PROBLEM TO SOLVE » With every picture left out, give the data below back exactly.
::: RECORDS TO PROCESS :::
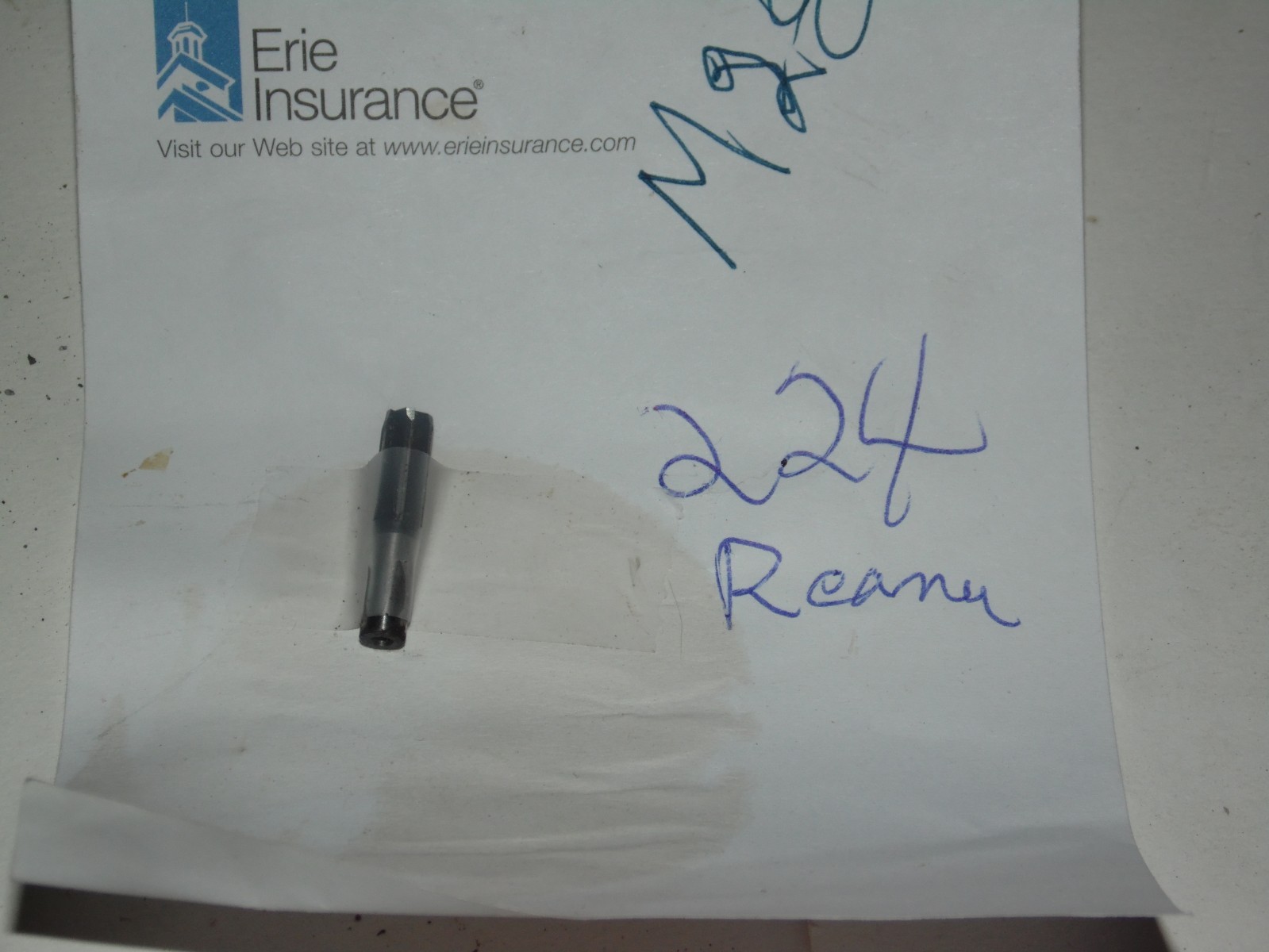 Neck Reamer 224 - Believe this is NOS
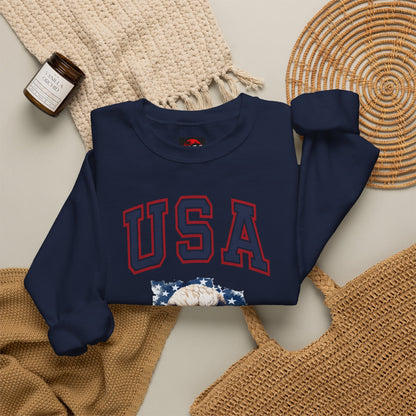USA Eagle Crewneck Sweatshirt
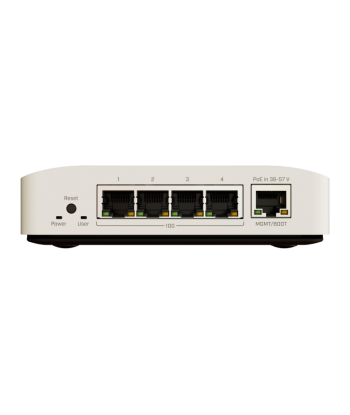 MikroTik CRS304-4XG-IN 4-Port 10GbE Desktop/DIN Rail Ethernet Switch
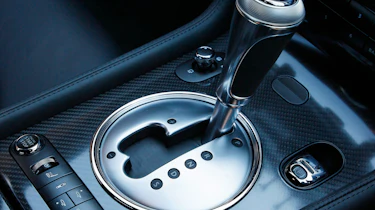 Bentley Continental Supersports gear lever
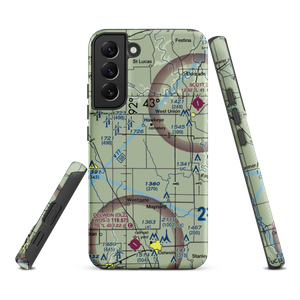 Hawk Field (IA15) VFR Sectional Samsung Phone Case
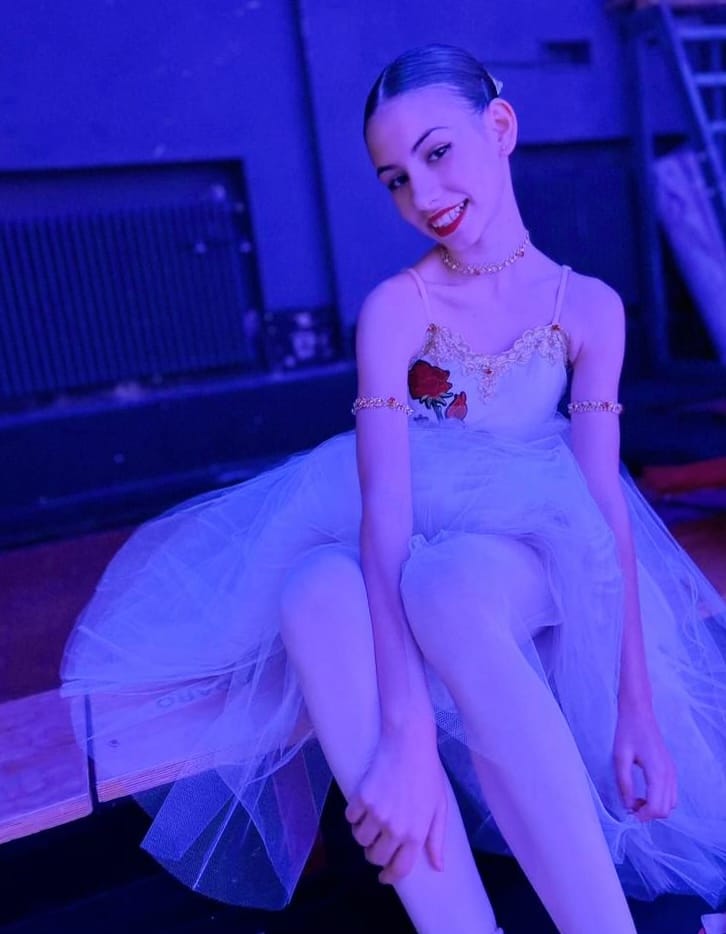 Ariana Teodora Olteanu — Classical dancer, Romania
:::
WRITTEN RESPONSE »
 Neck Reamer 224 - Believe this is NOS
USA Eagle Crewneck Sweatshirt
 MikroTik CRS304-4XG-IN 4-Port 10GbE Desktop/DIN Rail Ethernet Switch
 Bentley Continental Supersports gear lever
 Hawk Field (IA15) VFR Sectional Samsung Phone Case
 Ariana Teodora Olteanu — Classical dancer, Romania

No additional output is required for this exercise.